» **Input for this task**:
BEGIN

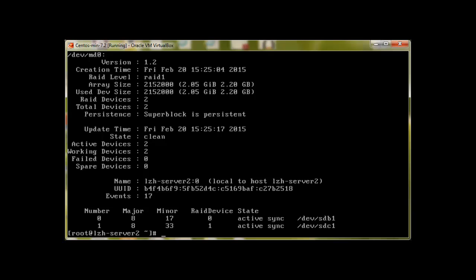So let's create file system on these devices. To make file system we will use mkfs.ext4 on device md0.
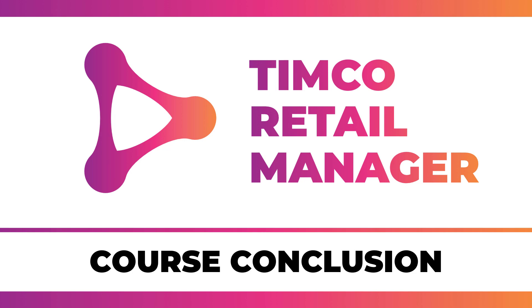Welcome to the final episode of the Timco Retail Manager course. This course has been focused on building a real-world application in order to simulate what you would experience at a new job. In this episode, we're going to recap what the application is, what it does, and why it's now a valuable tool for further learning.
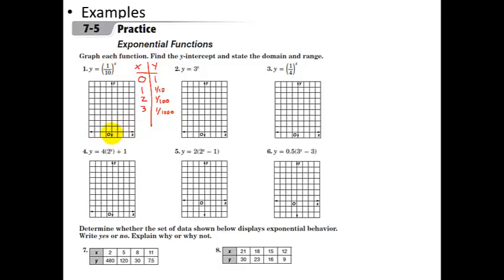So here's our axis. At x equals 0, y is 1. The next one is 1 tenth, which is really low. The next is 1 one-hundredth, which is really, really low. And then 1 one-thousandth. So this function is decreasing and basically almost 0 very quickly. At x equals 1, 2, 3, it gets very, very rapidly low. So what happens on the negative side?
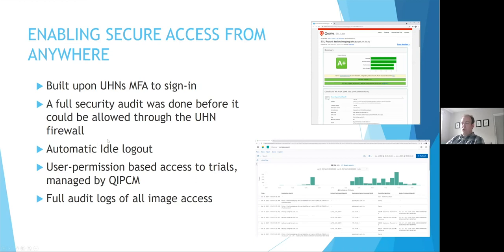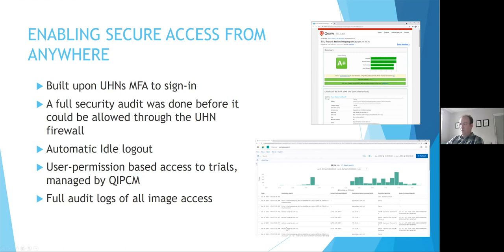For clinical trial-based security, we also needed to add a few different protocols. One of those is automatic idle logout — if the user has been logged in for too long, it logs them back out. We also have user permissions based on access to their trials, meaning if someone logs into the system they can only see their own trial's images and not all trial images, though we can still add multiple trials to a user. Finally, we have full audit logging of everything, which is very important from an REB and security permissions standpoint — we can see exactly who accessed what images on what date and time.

END
BEGIN

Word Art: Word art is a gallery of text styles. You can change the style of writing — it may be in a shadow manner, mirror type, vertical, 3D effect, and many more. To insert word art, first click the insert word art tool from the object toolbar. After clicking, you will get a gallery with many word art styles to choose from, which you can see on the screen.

END

» **Directions for this task**:
Using the material above, transcribe exactly the lines from the one holding "So let's create" to the one holding "For clinical trial-based", both ends kept. Do not carry over any pictures.

» **Result below**:
So let's create file system on these devices. To make file system we will use mkfs.ext4 on device md0.
Welcome to the final episode of the Timco Retail Manager course. This course has been focused on building a real-world application in order to simulate what you would experience at a new job. In this episode, we're going to recap what the application is, what it does, and why it's now a valuable tool for further learning.
So here's our axis. At x equals 0, y is 1. The next one is 1 tenth, which is really low. The next is 1 one-hundredth, which is really, really low. And then 1 one-thousandth. So this function is decreasing and basically almost 0 very quickly. At x equals 1, 2, 3, it gets very, very rapidly low. So what happens on the negative side?
For clinical trial-based security, we also needed to add a few different protocols. One of those is automatic idle logout — if the user has been logged in for too long, it logs them back out. We also have user permissions based on access to their trials, meaning if someone logs into the system they can only see their own trial's images and not all trial images, though we can still add multiple trials to a user. Finally, we have full audit logging of everything, which is very important from an REB and security permissions standpoint — we can see exactly who accessed what images on what date and time.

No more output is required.